I'm sure the guys that work with miniatures and such are already aware of these.  Just search e-bay with "dental surgical binocular" and all kinds of listings should show up.  All the ones from Chinese sources are about the same price.  I ordered a set and will let you guys know what I think of them when they show up.

-Ron


----------



## genec (Dec 18, 2013)

do they have a fixed distance and power


----------



## ScrapMetal (Dec 18, 2013)

genec said:


> do they have a fixed distance and power



Here's the information off the listing that I bought from:



> *Features:*
> 
> 
> 
> ...



-Ron


----------



## arlo (Dec 18, 2013)

Very interesting. I will appreciate your review.  I'd especially like to know if they're compatible with bifocals.


----------



## ScrapMetal (Dec 19, 2013)

arlo said:


> Very interesting. I will appreciate your review.  I'd especially like to know if they're compatible with bifocals.

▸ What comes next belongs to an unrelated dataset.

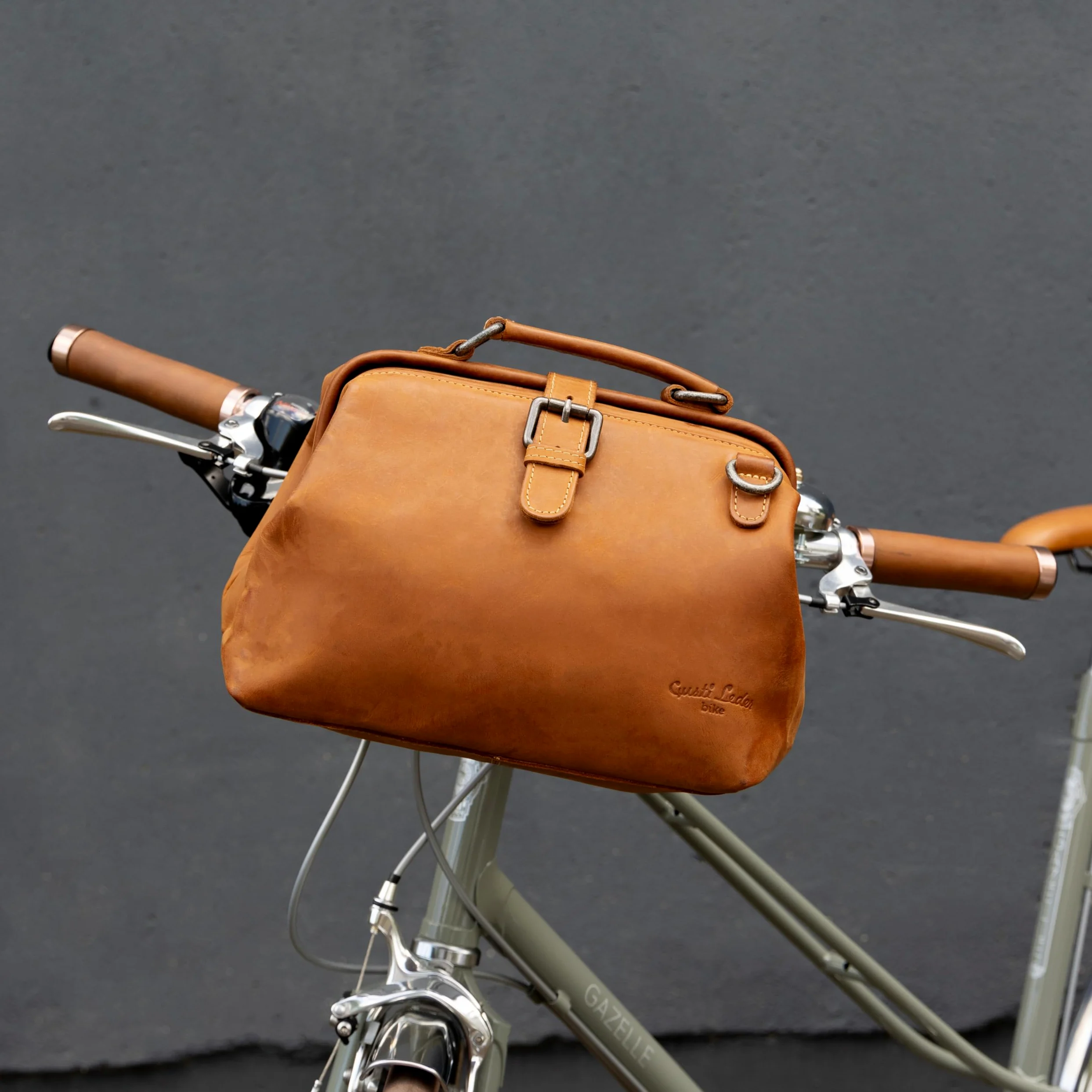 Gusti Tillie A. Sacoche de guidon en cuir vintage avec plaque, sac à bandoulière, sacoche de vélo en cuir, marron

No problem.  Last time I ordered something from China it took a couple of weeks or so to get here but when they arrive I'll post it.

-Ron


----------



## ranch23 (Dec 27, 2013)

Does it have x-ray vision?


----------



## arlo (Jan 4, 2014)

I got impatient and ordered a pair of the dental loupes without waiting for your review.  The ones I got are a little different than the ones in your image.  I bought mine from jinlan226 on eBay for $36. 

 jinlan226's eBay ad in one place says they include a headlamp.  They do not.  The ad also says that they are 2.5X and 3.5X.  They have a single magnification and are marked 3.5X. I haven't measured it myself. The loupes I got are permanently attached to glasses with hard plastic lenses.  I do not see a simple way to attach the loupes to my bifocals.  I can get a clear focus at about 16" from the object I'm viewing and the focus is pretty good for +/- 3 inches or so. The maginifaction is very good for my application.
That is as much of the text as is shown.